If Gianni Infantino should be upset at scepticism enshrouding his first year as FIFA president then he need only delve back into the archives deep in his vast bunker across the road from Zurich zoo.
In the June 2004 edition of the world football federation’s monthly magazine he would read:
“We have recently reorganised FIFA and made a number of changes to our internal structures and personnel. These measures have had the desired effect and have helped to enhance efficiency, professionalism and unity.”
Those were the words of the then general secretary Urs Linsi. They were parroted any number of times by Sepp Blatter on his way into outer darkness. The revered Jules Rimet probably said much the same after Carl Hirschman’s poor investments almost bankrupted FIFA in the late 1920s.
Infantino and Fatma Samoura his secretary-general (the title was turned around to echo United Nations grandiosity during Jerome Valcke’s command) have elicited the same sentiments.
They should beware: The world has heard it all before, not only once, but time and time and time again.
Cost cutting
Patience and credibility in the game’s leaders – and, by direct association FIFA itself – have been exploded by plain and repetitious untruth.
This was tough on FIFA’s workers on the ground using football in the spheres of health, education and – yes, despite all the fraudsters – development.
Samoura says that FIFA’s latest cost-cutting measures (yawn) have trimmed 81 members of staff out of 400. Doubtless some were complacent time-servers. Others, however, were good people whose experience in troubled transitional times should have been valued by the flood of newcomers (some badly off-message).
Infantino was elected as president, to serve out the remaining three years of Blatter’s four-year mandate, on February 26 last year in Zurich.
He might have brought some humility to the role after his narrow victory over Bahrain’s Asian president, Sheikh Salman bin Ibrahim Al Khalifa.
After all, Infantino was only a stop-gap candidate from UEFA in case its then president Michel Platini was barred over his ethics breach (Also because none of the UEFA exco members trusted any of their colleagues to step in).
No chance.
The two main planks of Infantino’s manifesto were winners: more money for development and more World Cup places. There was a palpable ripple of approval in the congress hall when he pointed out to the delegates: “FIFA’s money is your money.”
Same old story
Trouble was, once the Swiss-Italian had been elected the man who wielded his new-found power, as a critical German newspaper commented, was “too much Italian and too little Swiss.”
It’s a common problem.

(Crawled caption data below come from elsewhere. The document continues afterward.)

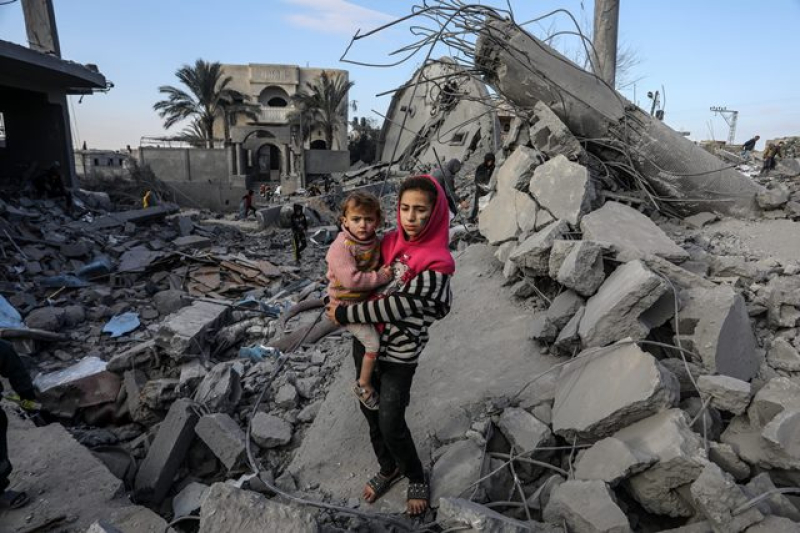 a-palestinian-girl-holding-a-child-after-an-israeli-bombing-of-omar-bin-abdul-aziz-mosque-in-rafah-gaza-on-january-25-2024-8b62fb7de7049bdaedcb457c2e6de11b1710615591.jpg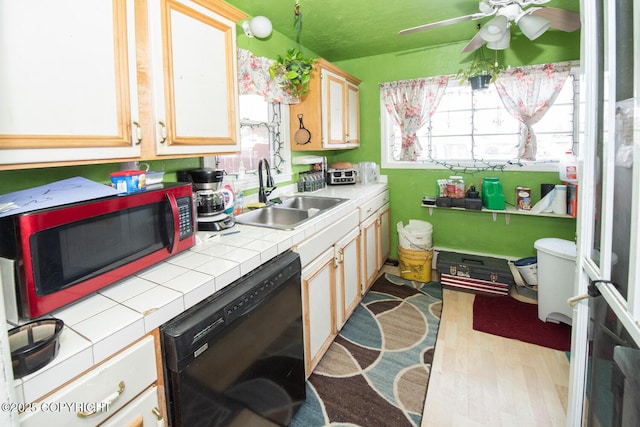 1403 W 34th Ave, Anchorage, AK 99503 - kitchen with a sink, dishwasher, tile countertops, wood finished floors, and ceiling fan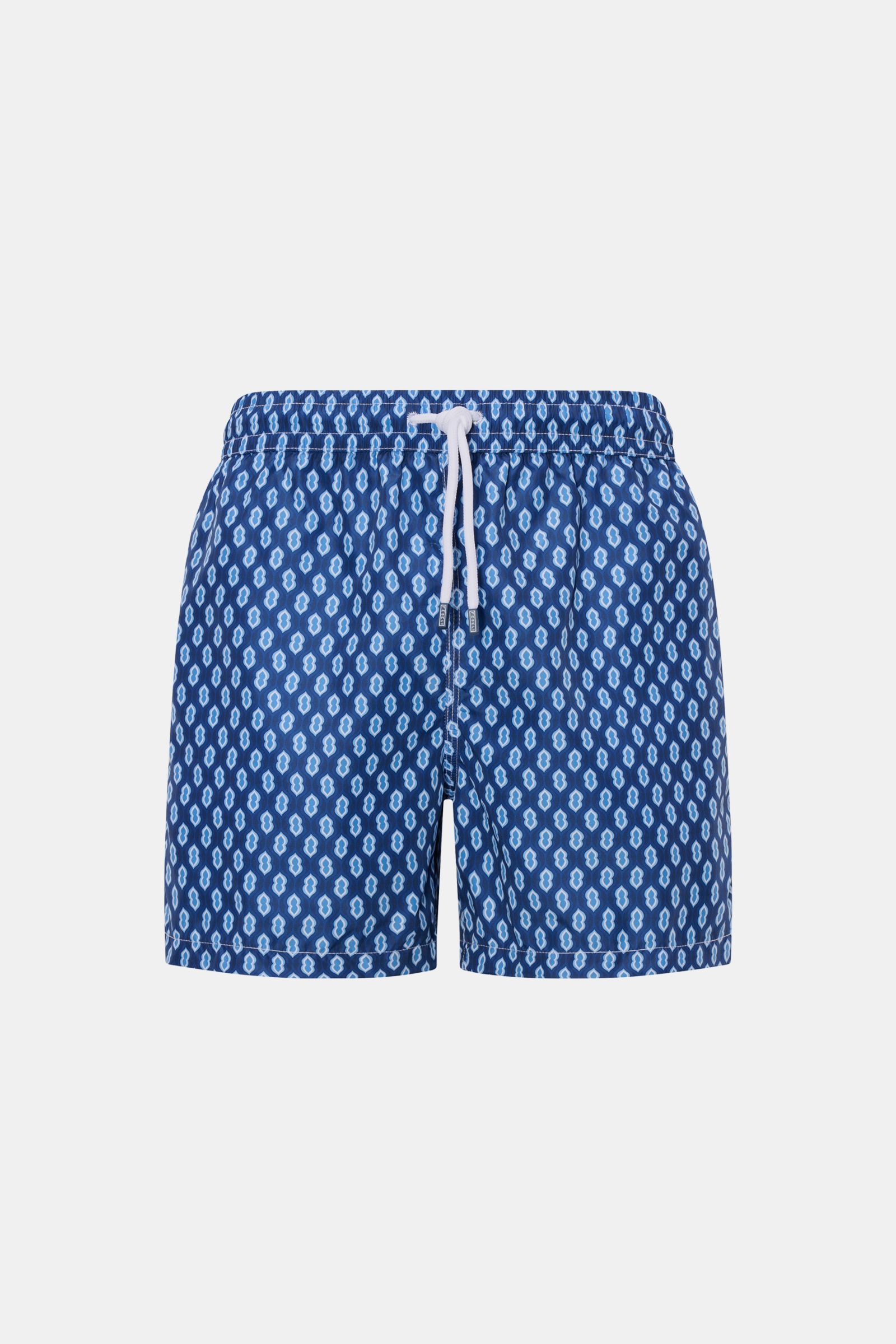 Front view of Fedeli Swim shorts 'Madeira Airstop' dark blue/blue/white patterned with elasticated waistband and white drawstring.

An essential for your summer vacation: These FEDELI swim shorts have an expressive pattern that adds stylish accents and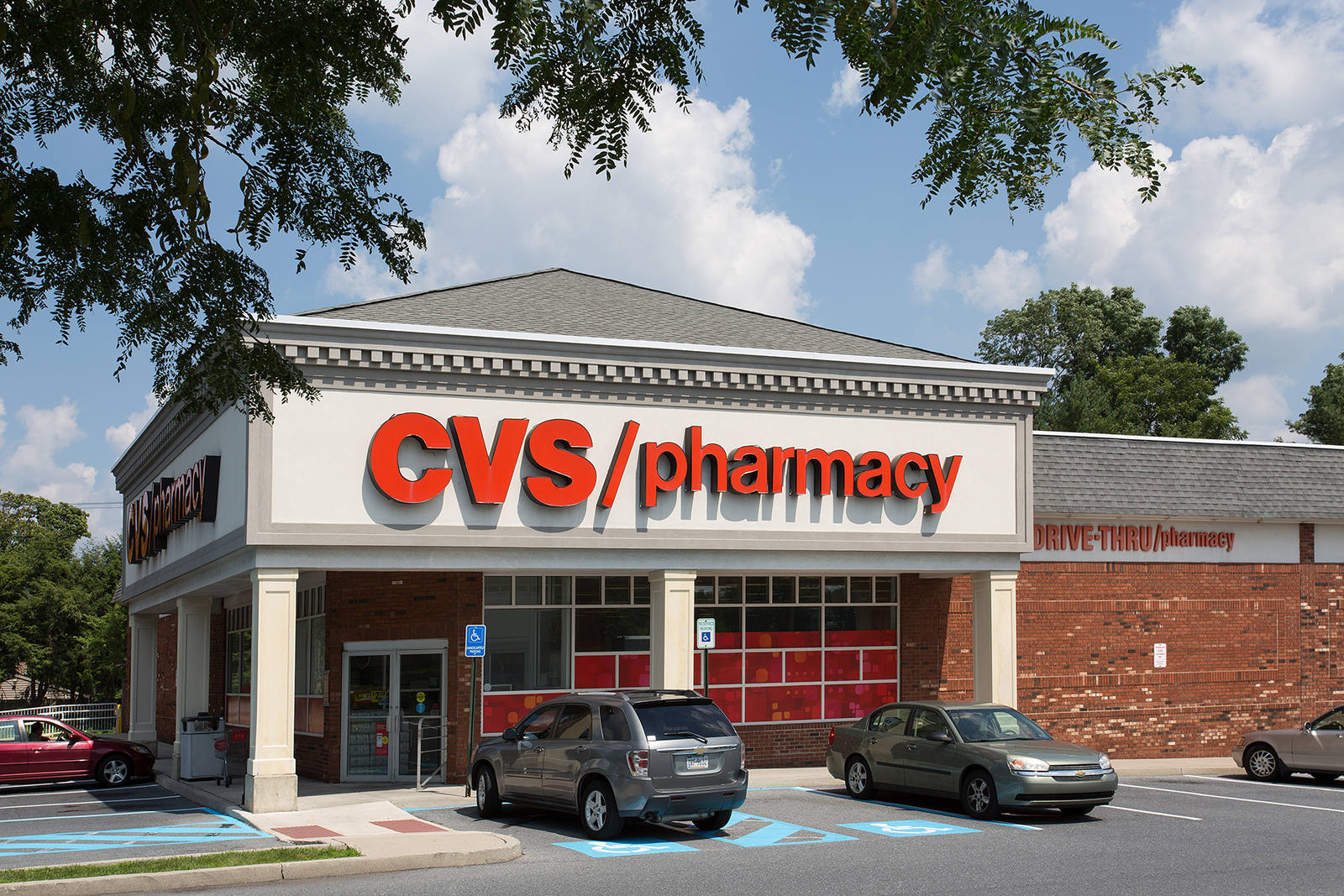 Tree overhanging the entrance of CVS with two cars parked in front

Blatter once admitted to this writer that he had an awful first year after stepping up from president in 1998 because he tried to do too much too soon and failed to comprehend the sudden sycophancy surrounding him.
Thus Infantino sought from the outset to be the power-president rather than follow the team leader concept of the then audit chairman Domenico Scala (Remember him?).
In Infantino’s haste to make a difference (not in itself a bad idea) his initial months suggested less an adult strategist, rather a delighted child let loose in a sweet shop.
‘Legends’ sideshow
His star-struck ‘legends’ project was a perfect example of a distraction which has brought nothing in terms of transparency or efficiency or credibility or respect. Indeed, it raised the opposite imagery of a playboy-round-town.
The affair of the private jets – Russia and Qatar – and the ostentatious family visit to pop in on the Pope brought Infantino sailing close to the ethics wind. Poor judgment even if there is logical case for World Cup organisers – FIFA’s business partners, after all – funding his inspection visit.
On the credit side Infantino has kept, and quickly, his campaign promises to expand the World Cup and ramp up the development cash. The supervision structures have been reorganised and his regional ‘executive summits’ (in effect going over the heads of the confederations) have proved popular with FA leaders.
Critics say the summits have offered Infantino a more direct input than any previous president into regional politics though, considering the state of confeds such as CONMEBOL (South America) and CAF (Africa), that has a positive potential.
Troubles ahead
Infantino has difficult issues around the corner.
The major FIFAGate trials will start in November which will rake up all the mire of ‘FIFA Past’ which means the $100m-a-year legal services of Quinn Emanuel must remain an ongoing drain on finances to ensure FIFA maintains its crucial ‘victim status’ in the US courts.
If speculation in Zurich is accurate that Infantino wants congress in May to sack ethics judge Hans-Joachim Eckert and investigator Cornel Borbely then he and ‘his’ FIFA could soon be dead and buried.
In the wider world FIFA remains two major sponsors short in its World Cup stable and the projected regional sponsor concept has proved unattractive to a market which far prefers to throw money at the week-by-week projection of the club game (Champions League, Premier League, Bundesliga, LaLiga etc).
A projected black hole in the accounts to be reported at congress in Bahrain in May will raise questions about Infantino’s ability to match his development cash promise. This is crucial not only for FIFA but for him personally with an eye on re-election in 2019 for a full four-year term.
As Urs Linsi said, in FIFA Monthly in June 2004: “Once you have reached the top it takes even more hard work to stay there.”